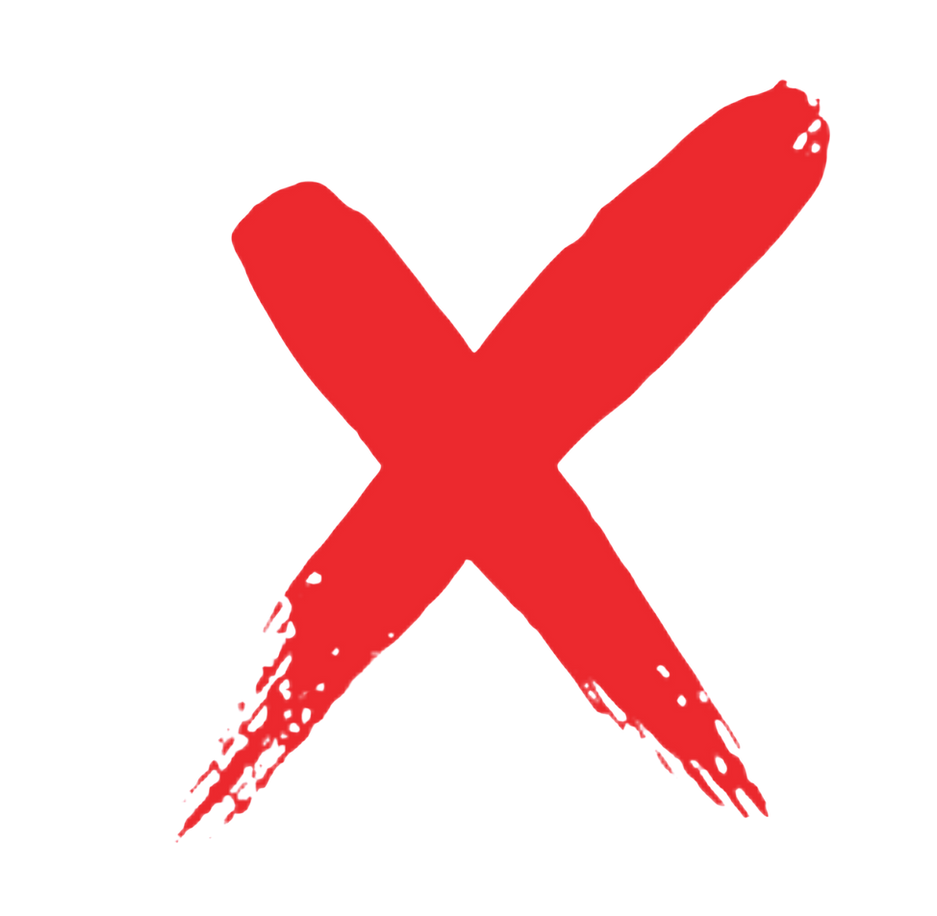 fengshuix-logo-X-Red-Trans.png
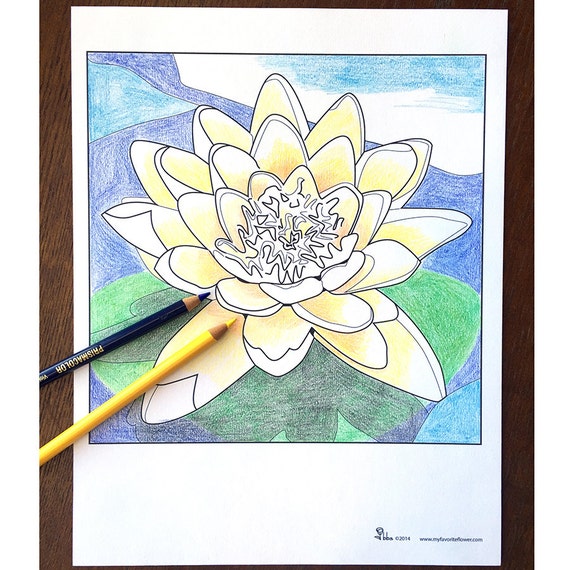 Items similar to flower coloring page, water lily coloring sheet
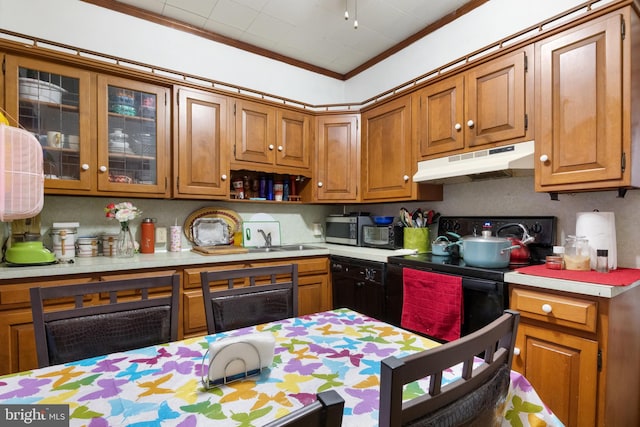 kitchen with sink, ornamental molding, and black appliances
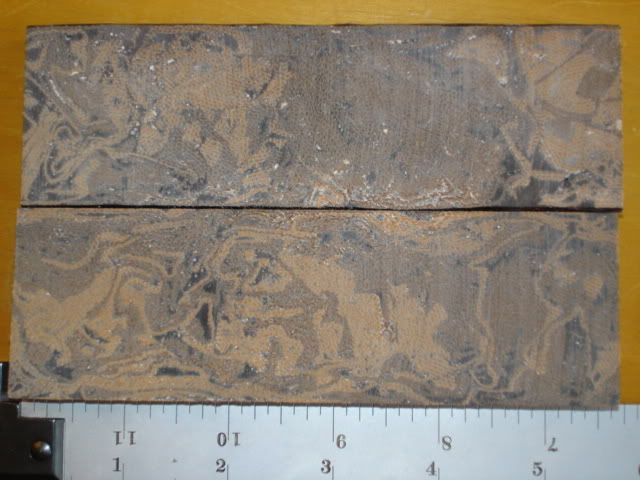 DSC02319.jpg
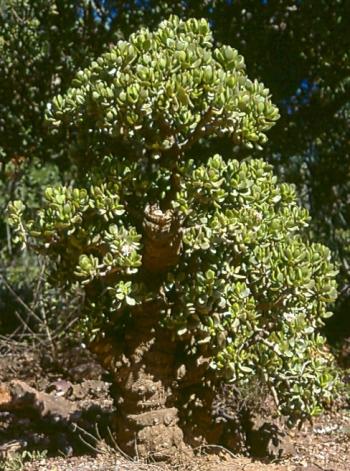 Crassula Ovata Jade Plant Crassula Portulacea, Cotyledon Lutea, Cotyledon  Ovata, Crassula Argentea, Crassula Articulata, Toelkenia Ovata -  Israel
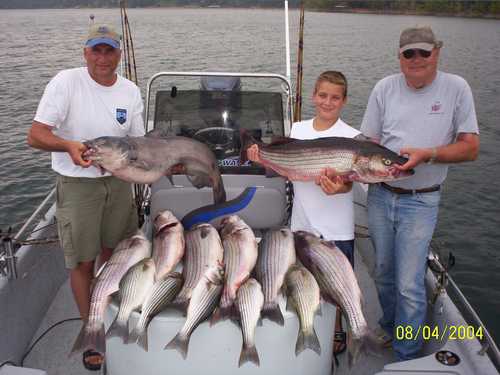 Nice Striped Bass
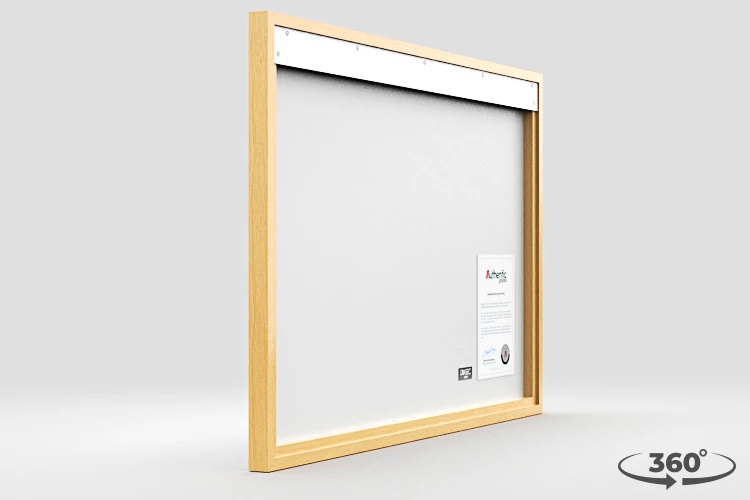 360 view of the product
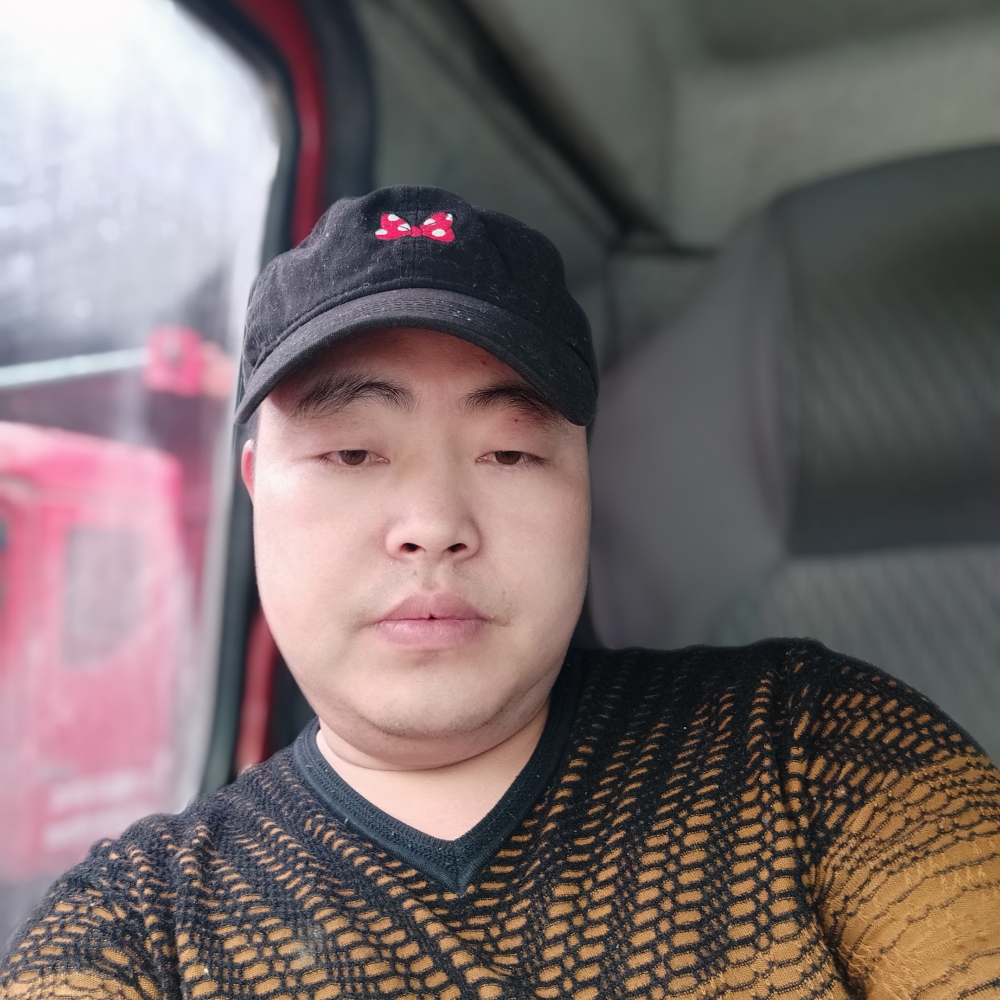 战斗机懦弱的照片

---+---

What to work on: Please set down the records above verbatim, with each picture left out.

The completed task:
 fengshuix-logo-X-Red-Trans.png
 Items similar to flower coloring page, water lily coloring sheet
 kitchen with sink, ornamental molding, and black appliances
 DSC02319.jpg
 Crassula Ovata Jade Plant Crassula Portulacea, Cotyledon Lutea, Cotyledon  Ovata, Crassula Argentea, Crassula Articulata, Toelkenia Ovata -  Israel
 Nice Striped Bass
 360 view of the product
 战斗机懦弱的照片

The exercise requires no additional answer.